**Dataset excerpt:**
↓
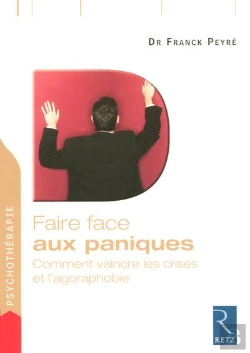 Bertrand.pt - Faire Face : Aux Paniques ; Comment Vaincre Les Crises Et L'Agoraphobie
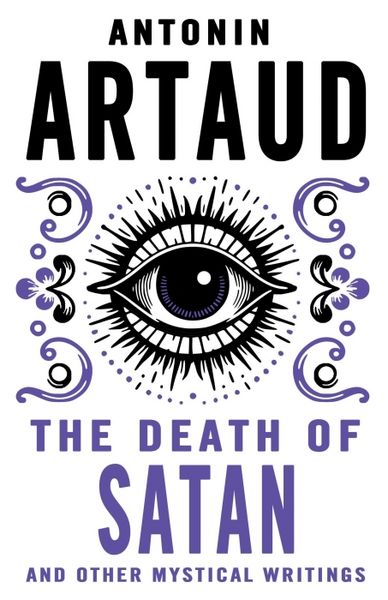 Produktbild: The Death of Satan and Other Mystical Writings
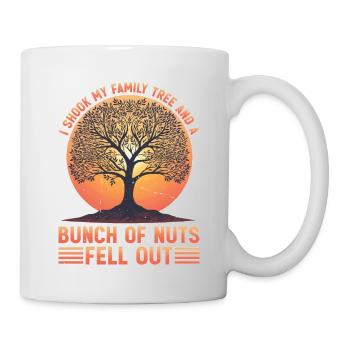 I Shook My Family Tree And Nuts Fell Out - Tasse - Weiß - Rechts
↑
**Work to complete:**
Everything in the listing should be repeated exactly except the pictures.

**Reply:**
 Bertrand.pt - Faire Face : Aux Paniques ; Comment Vaincre Les Crises Et L'Agoraphobie
 Produktbild: The Death of Satan and Other Mystical Writings
 I Shook My Family Tree And Nuts Fell Out - Tasse - Weiß - Rechts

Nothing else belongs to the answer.